In another news report, the National Green Tribunal (NGT) has served a notice to Punjab government for axing 96,000 trees for widening the 20-km stretch of Zirakpur-Bathinda highway. As many as 50 per cent of these trees belonging to the species – Sheesham, Neem, Arjuna, Brahma Drek, Melia, Keekar and Eucalyptus – were planted under a Rs 450-crore afforestation project about a decade ago.
These two examples illustrate the absence of environmental protection in the model of economic growth that is being overzealously pursued. I have never understood why policy makers should not be insisting on integrating environment with economic growth. After all, much of the environmental crisis that the country is faced with – a severe drought leading to an acute water shortage afflicting 54-crore people in 10 States, a devastating forest fire in Uttarakhand and Himachal Pradesh and a record-breaking heat wave that is already leading to 6 to 8 degree higher temperature than the normal – is man made.

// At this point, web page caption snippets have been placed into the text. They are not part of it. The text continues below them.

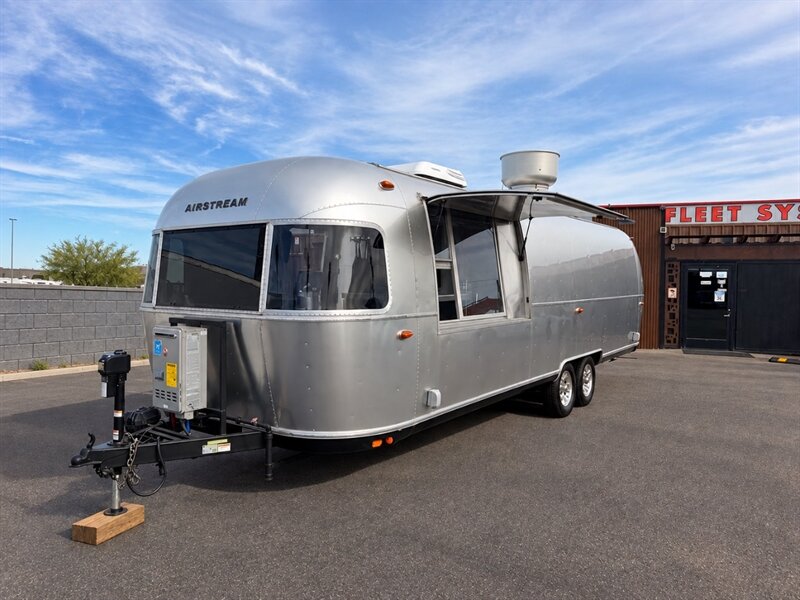 2023 Airstream Commercial Food Trailer   - Photo 1 - Phoenix, AZ 85034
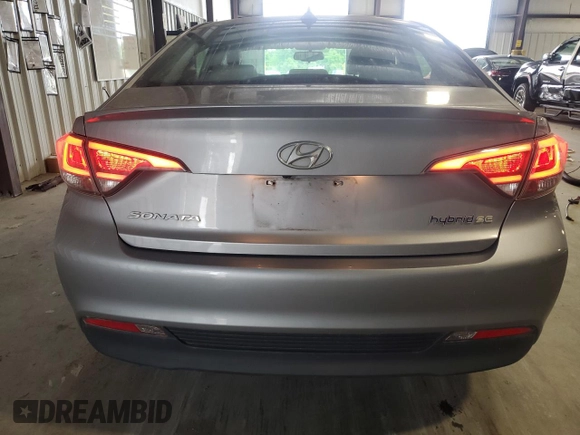 2017 Hyundai Sonata Hybrid SE with VIN KMHE24L19HA048576, listed as a Copart auction lot 53164213 with 101,715 mi miles. Bid and sale history available at carsss.com. Image 6.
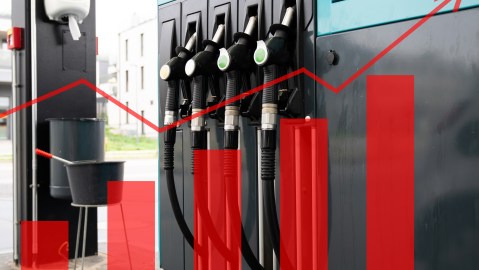 rising-gasoline-prices-are-causing-more-americans-to-work-from-home,-survey-says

But still I don’t find the Ministry of Surface Transport for example and the Ministry of Environment, Forests and Climate Change showing any signs of coming together before planning an infrastructure project. If only the speed at which the roads are being dug is accompanied by environmental parameters that do not allow cutting down of a large number of trees beyond a limit probably a significant proportion of the 96,000 trees being axed in Punjab could have been saved. If only the highways and expressways were planned in such a manner that the natural drainage system was least impacted probably flash floods wouldn’t be so rampant.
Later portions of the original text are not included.